> [WHAT THIS TASK INVOLVES]: Repeat each entry exactly, but do not carry over the pictures.

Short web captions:
⁂

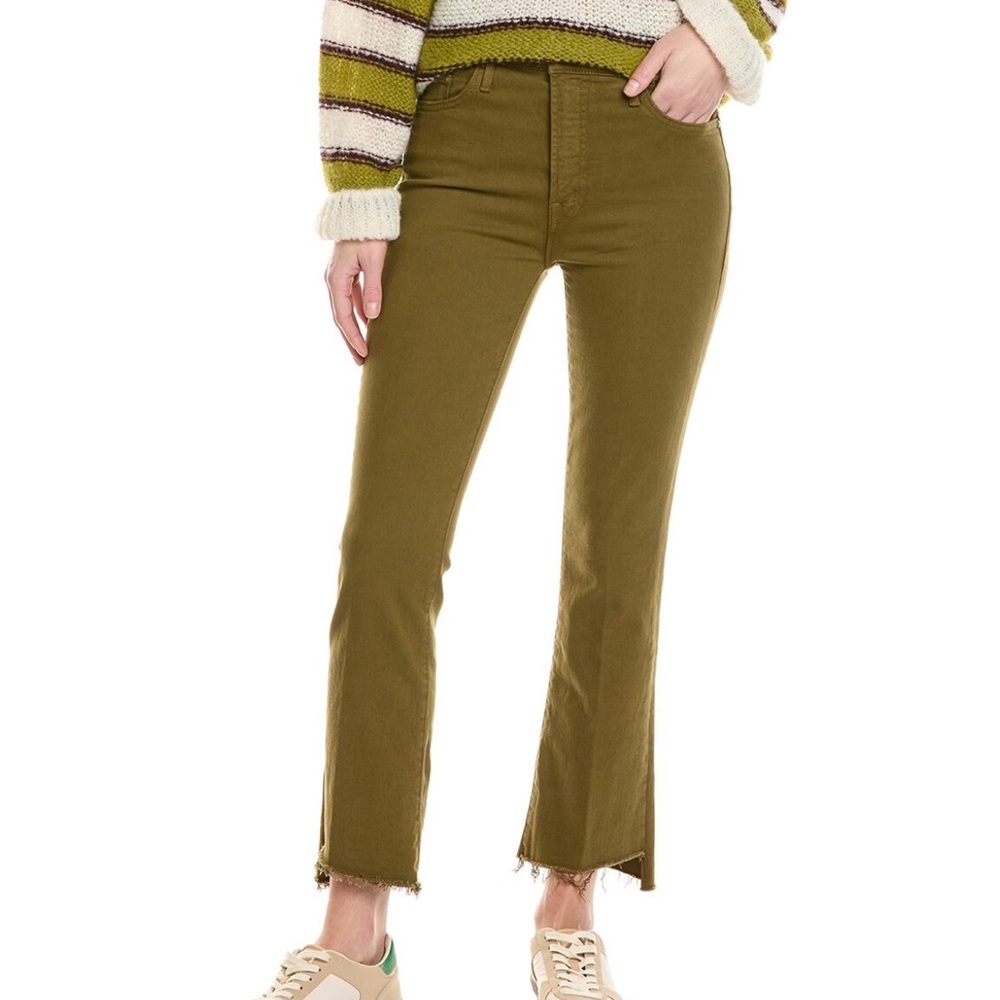 MOTHER Green Ankle Cropped Jeans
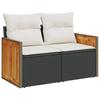 Garden Sofa Set with Cushions 12 pcs Black and Cream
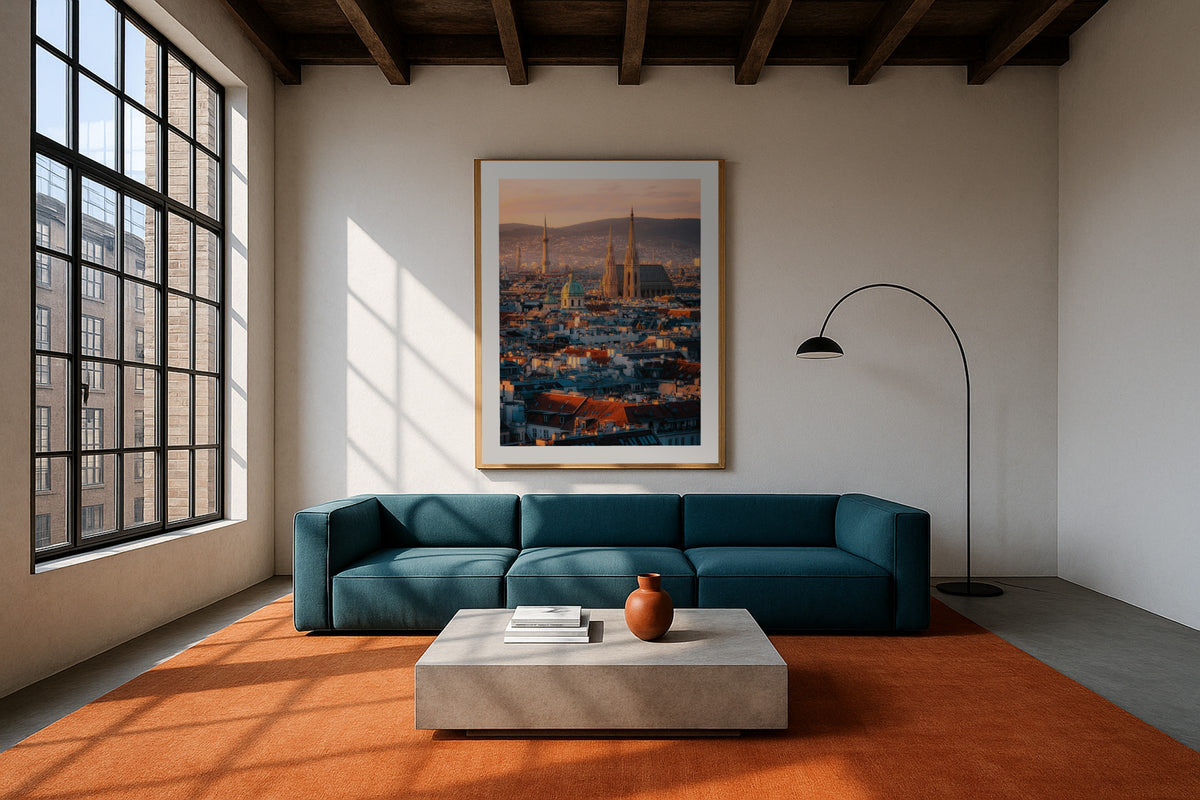 Vienna at Sunset wall art print, framed with a white border, in a brick loft bedroom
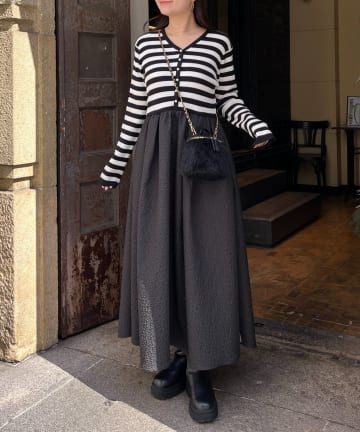 prose verse(プロズヴェール) 【前後2way】パールボタンドッキングフレアワンピース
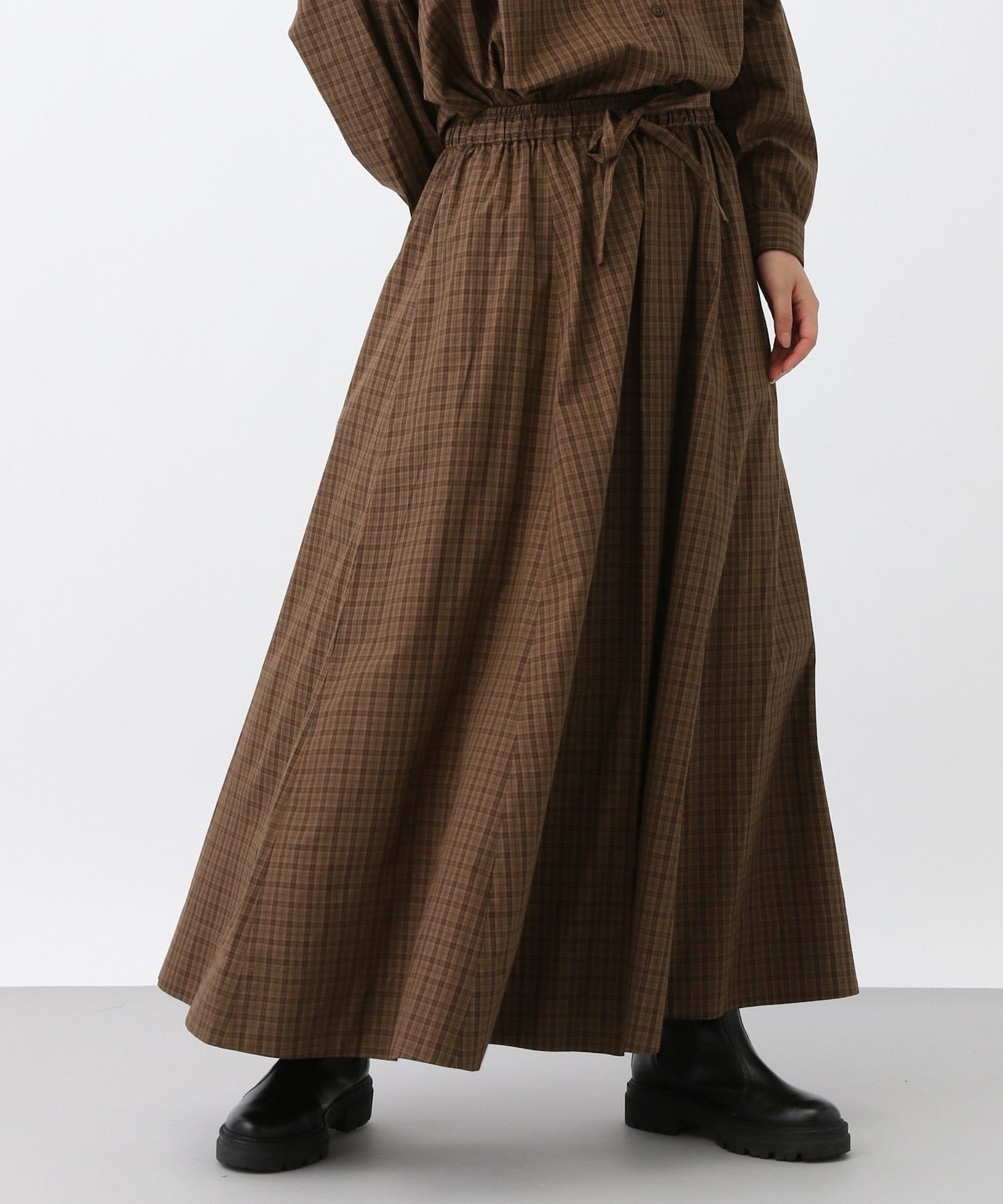 【スタディオ クリップ/studio CLIP】の《natural by clip》CRミニチェックフレアスカート インテリア・キッズ・メンズ・レディースファッション・服の通販 founy(ファニー) 　ファッション　Fashion　レディースファッション　Fashion for Women　スカート　Skirts　Aライン・フレアスカート　A-Line & Flared Skirts　おすすめ　Recommended / Our Picks　シンプル　Simple, Minimal　セットアップ　Set-Up, Coordinated Outfit　チェック　Check, Plaid, Tartan　フレア　Flare, Flared　ロング　Long, Long-Length　ブラウン50|ID: prp329100004877369 ipo3291000000036382403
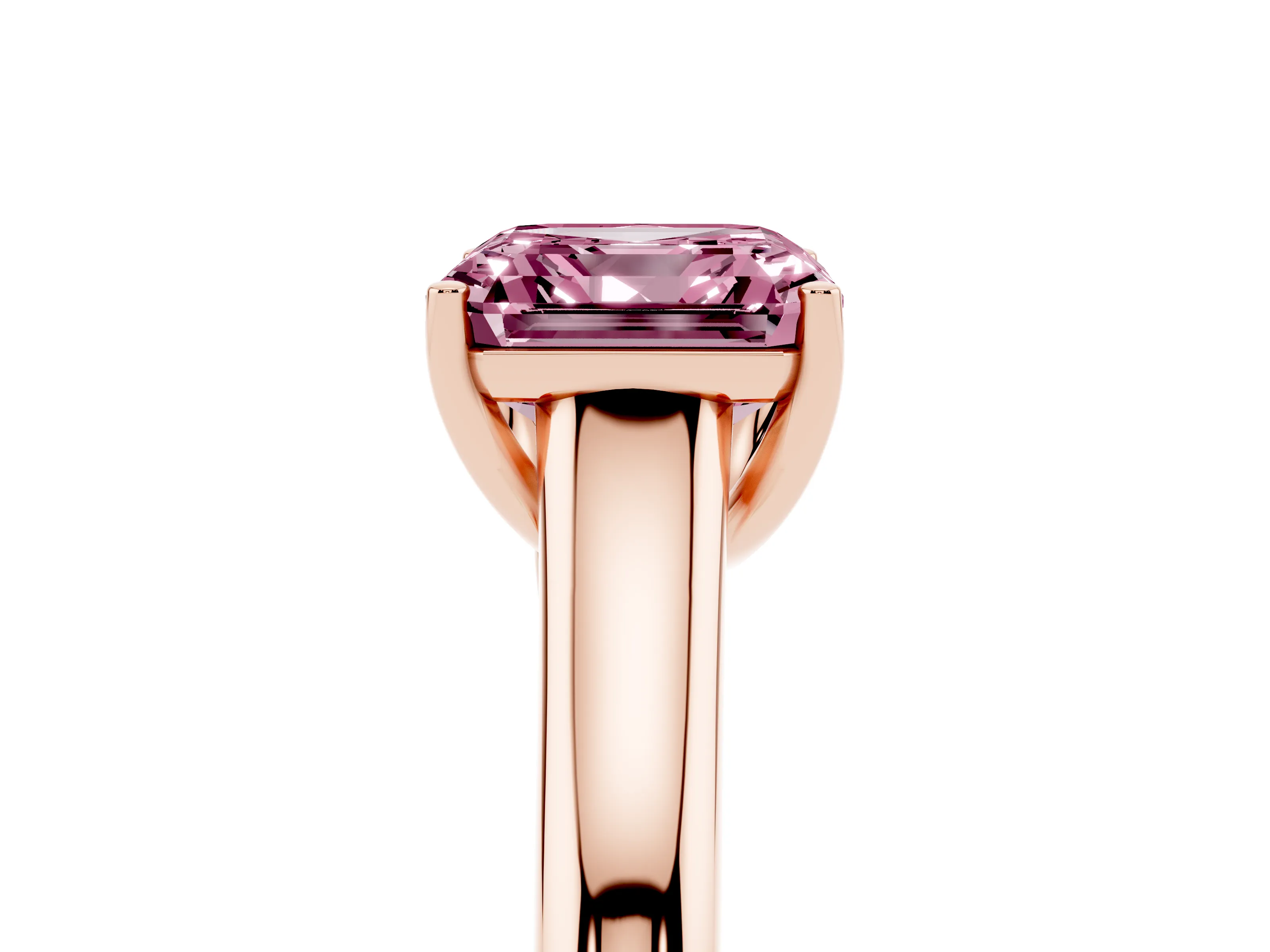 Fancy Pink Asscher Cut Diamond Solitaire Engagement Ring Set in Rose gold with Subtly Tapered Band and Prong Setting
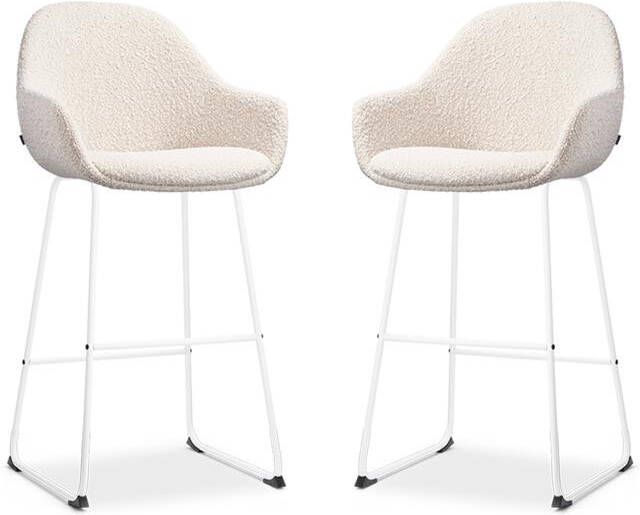 Nolon Nino-Mae Barkrukken Set van 2 Bouclé Beige Wit 75 cm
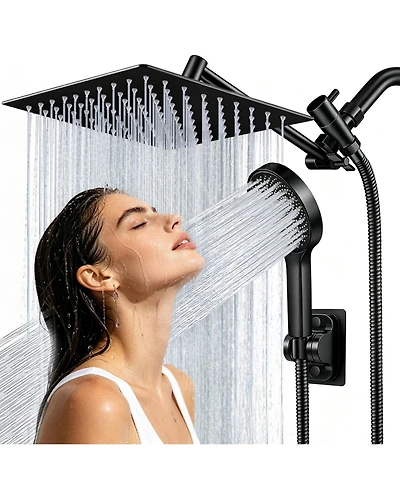 Cyqbd 8" Shower Head Rain Handheld Spray Extension Arm Flow Regulator System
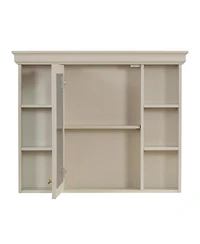 Casainc 35" x 28" Wall Mounted Medicine Cabinet with Mirror Door and 6 Open Shelves, Modern Storage Unit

⁂

> [ANSWER TO THIS PROBLEM]:
 MOTHER Green Ankle Cropped Jeans
 Garden Sofa Set with Cushions 12 pcs Black and Cream
 Vienna at Sunset wall art print, framed with a white border, in a brick loft bedroom
 prose verse(プロズヴェール) 【前後2way】パールボタンドッキングフレアワンピース
 【スタディオ クリップ/studio CLIP】の《natural by clip》CRミニチェックフレアスカート インテリア・キッズ・メンズ・レディースファッション・服の通販 founy(ファニー) 　ファッション　Fashion　レディースファッション　Fashion for Women　スカート　Skirts　Aライン・フレアスカート　A-Line & Flared Skirts　おすすめ　Recommended / Our Picks　シンプル　Simple, Minimal　セットアップ　Set-Up, Coordinated Outfit　チェック　Check, Plaid, Tartan　フレア　Flare, Flared　ロング　Long, Long-Length　ブラウン50|ID: prp329100004877369 ipo3291000000036382403
 Fancy Pink Asscher Cut Diamond Solitaire Engagement Ring Set in Rose gold with Subtly Tapered Band and Prong Setting
 Nolon Nino-Mae Barkrukken Set van 2 Bouclé Beige Wit 75 cm
 Cyqbd 8" Shower Head Rain Handheld Spray Extension Arm Flow Regulator System
 Casainc 35" x 28" Wall Mounted Medicine Cabinet with Mirror Door and 6 Open Shelves, Modern Storage Unit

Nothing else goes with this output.